Mentre l’industria automobilistica è stata devastata all’inizio della pandemia grazie a misure di blocco e una drammatica diminuzione dei viaggi, più recentemente ha iniziato ad affrontare un nuovo problema: una carenza di microchip. I microchip sono vitali per molte delle funzioni chiave di un veicolo, come il controllo del motore, la trasmissione, i sistemi di infotainment e altro.

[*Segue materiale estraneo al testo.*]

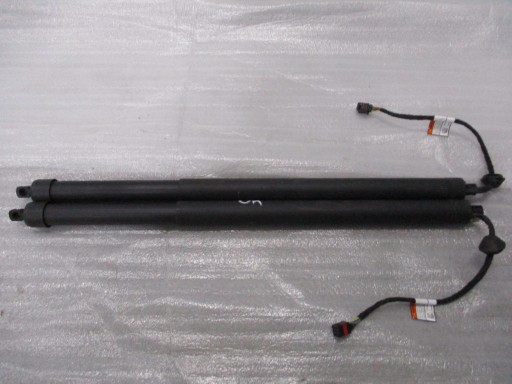 ПРИВІД ЕЛЕКТРИЧНОГО КЛАПАНА ПРАВИЙ VOLVO XC60 2018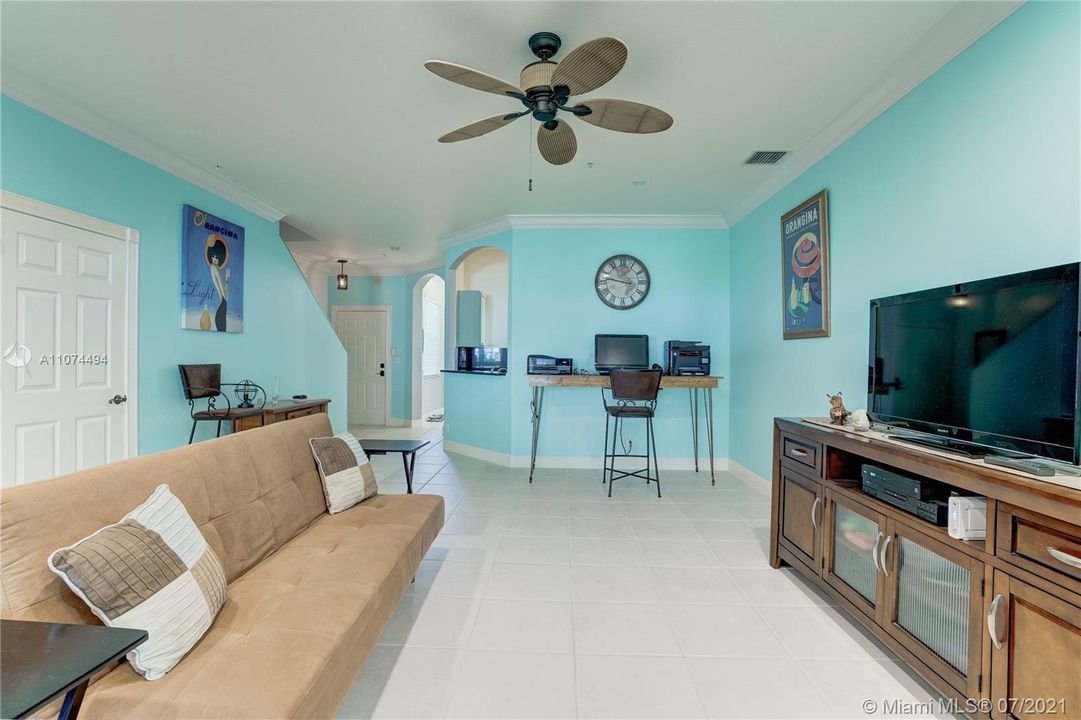 Recently Sold: $375,000 (3 beds, 2 baths, 1777 Square Feet)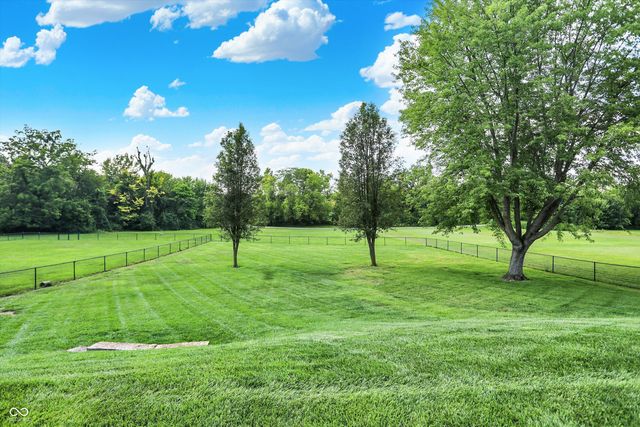 214 Yorkshire Boulevard W, Indianapolis, IN 46229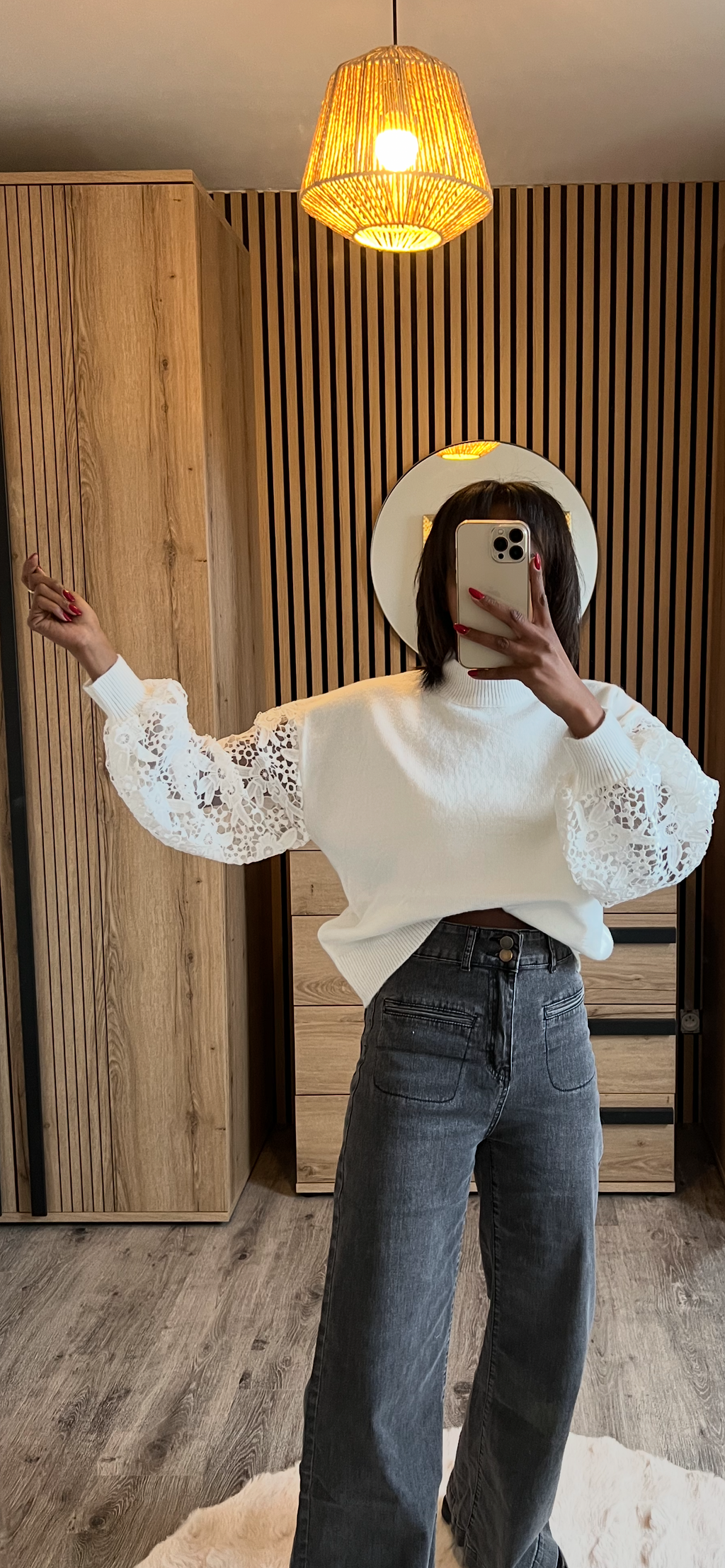 Pull Romane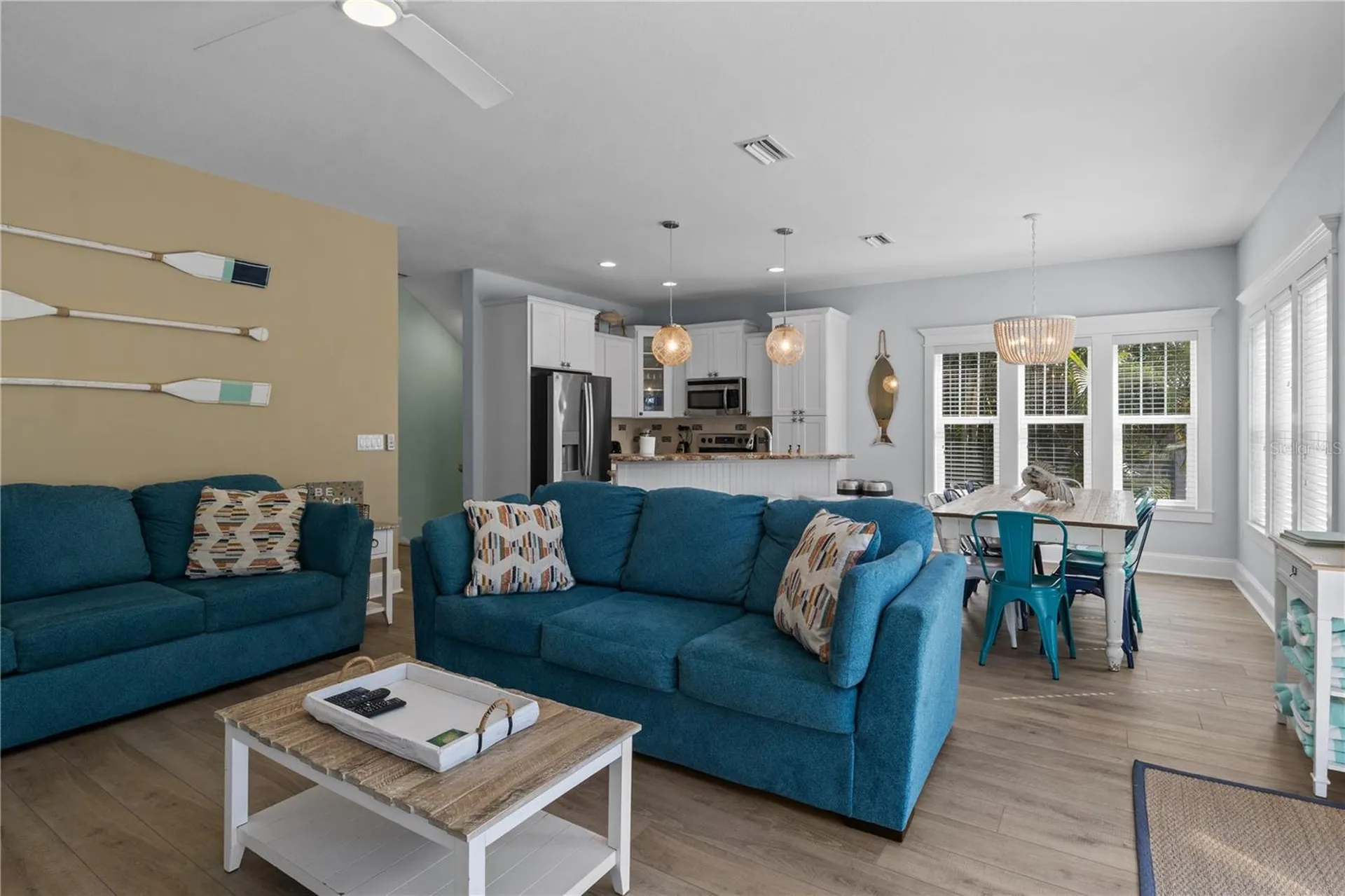6908 Holmes Boulevard Holmes Beach FL 34217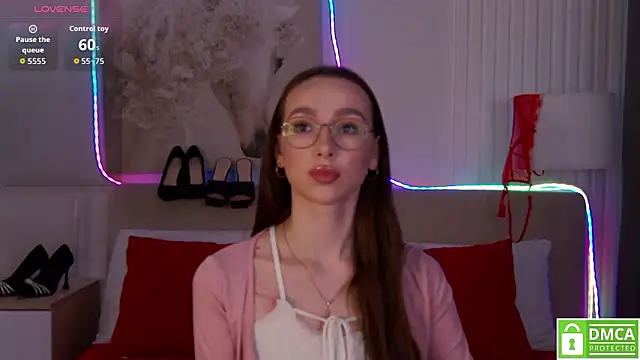 Emily Simon online show from 02/01/26, 05:38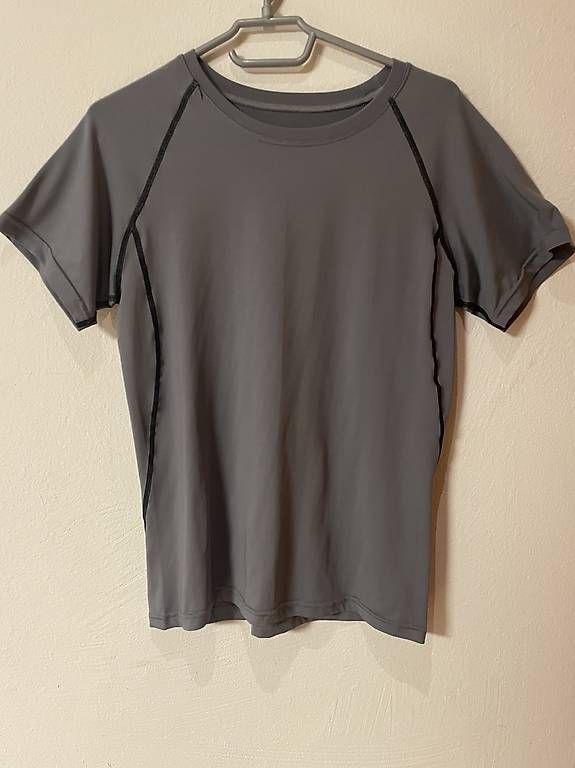 T-shirt: Graues Compression Shirt Gr.M – Usato da Weisslingen venduto da Fiorellin7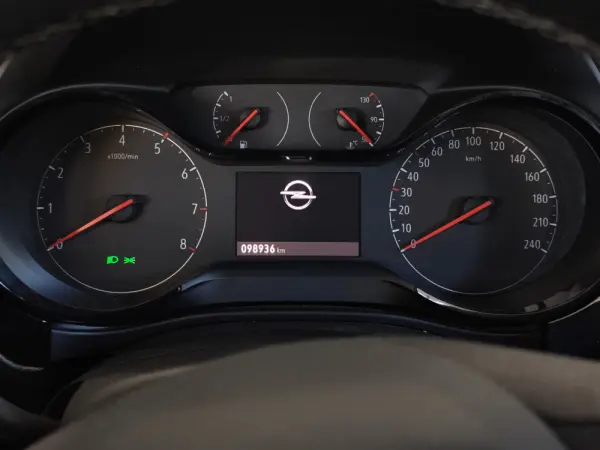 Opel Corsa 1.2 Elegance 61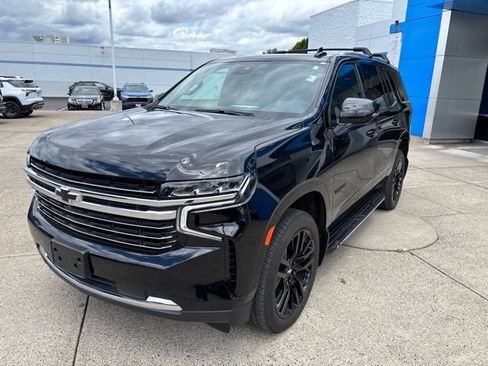 Used 2023 Chevrolet Tahoe LT w/ Luxury Package AWD/4WD image 4
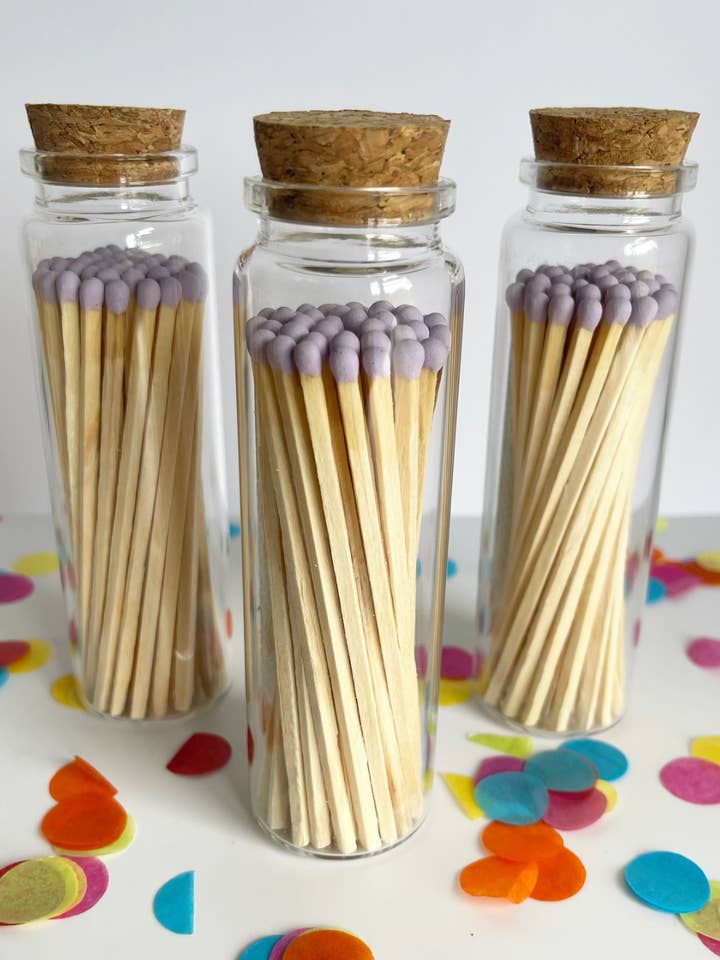 Grandes allumettes de luxe en lilas pour la vente par Chateau Bo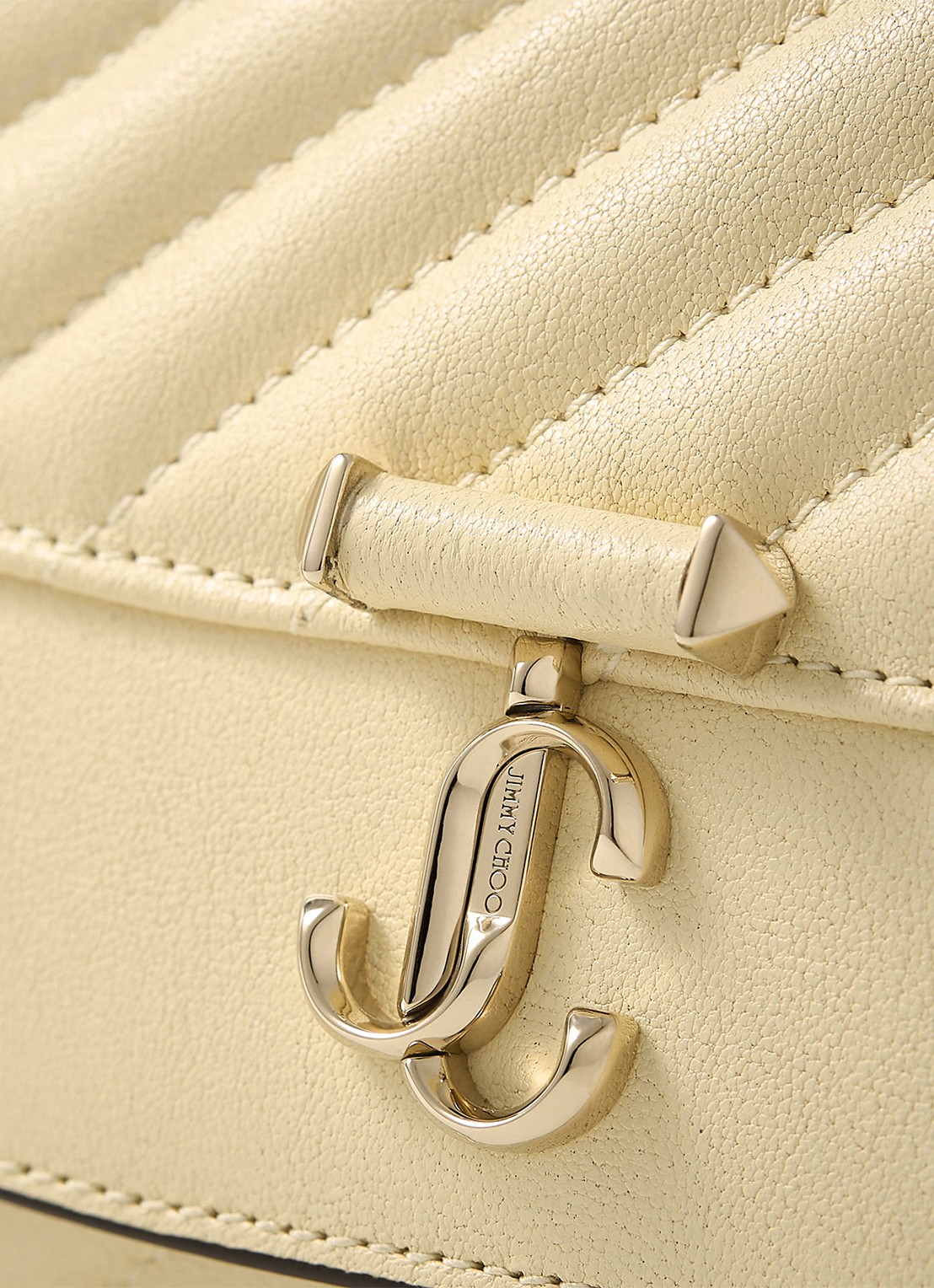 Jimmy Choo Curve clutch van lamsleer met afneembare schouderriem - detail 2 creme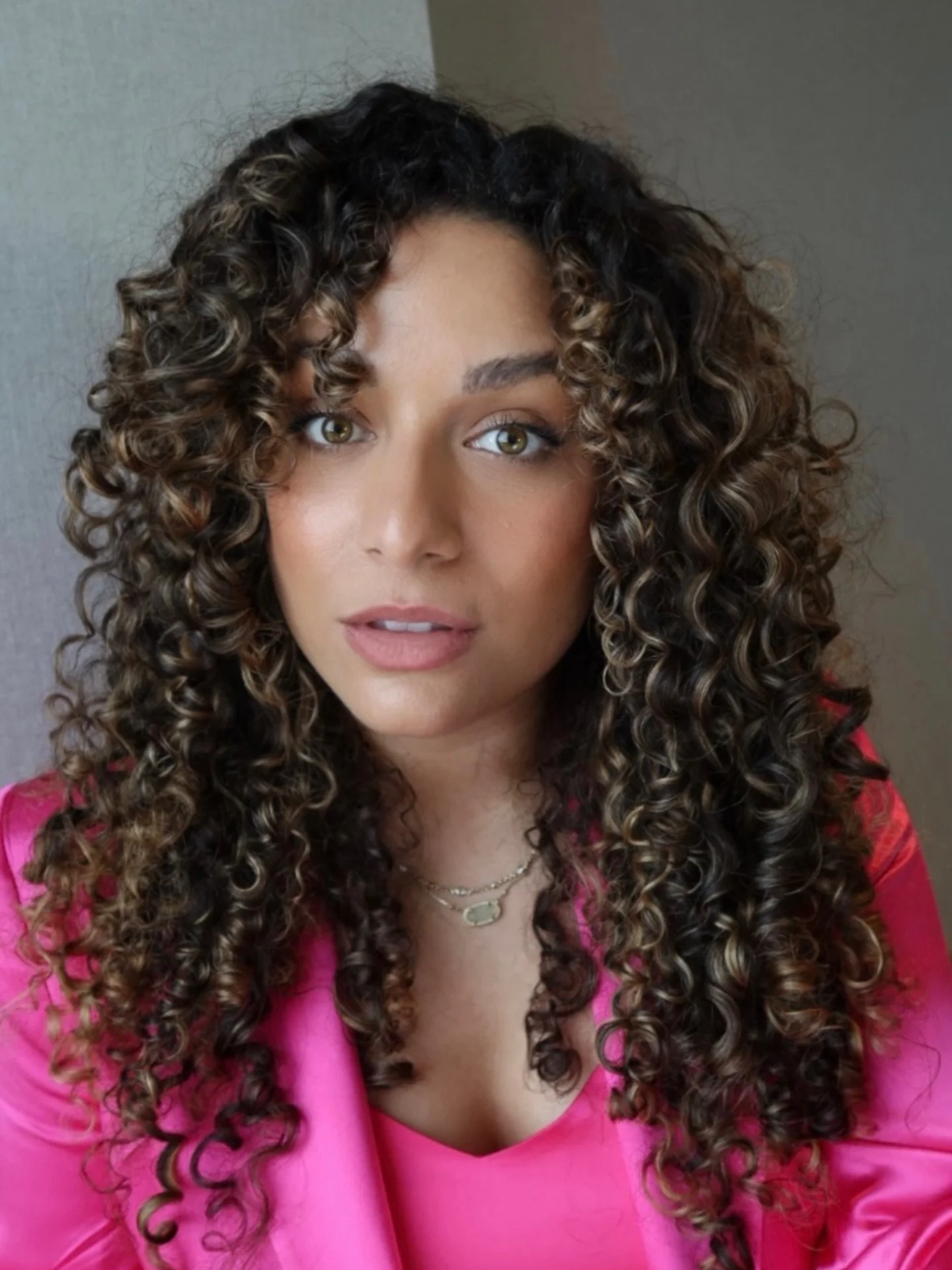 New profile pic 💕 Might keep it, might decide I hate it in three to five business minutes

Nell’ultima metà del 2020 e ora nel 2021, le vendite di veicoli si sono riprese abbastanza rapidamente, più velocemente di quanto previsto dalle case automobilistiche. Improvvisamente, stavano lottando per soddisfare la domanda. Allo stesso tempo, i produttori di chip stavano sperimentando carenze di fornitura e un aumento della domanda da altri settori, come l’elettronica personale.

Con la conseguente mancanza di fornitura di microchip, le case automobilistiche sono state costrette a rallentare la produzione, anche sui loro modelli più popolari. Per diverse case automobilistiche, la carenza dovrebbe costare loro 1 miliardo di dollari o più – e anche così, le alternative sono preoccupantemente poche.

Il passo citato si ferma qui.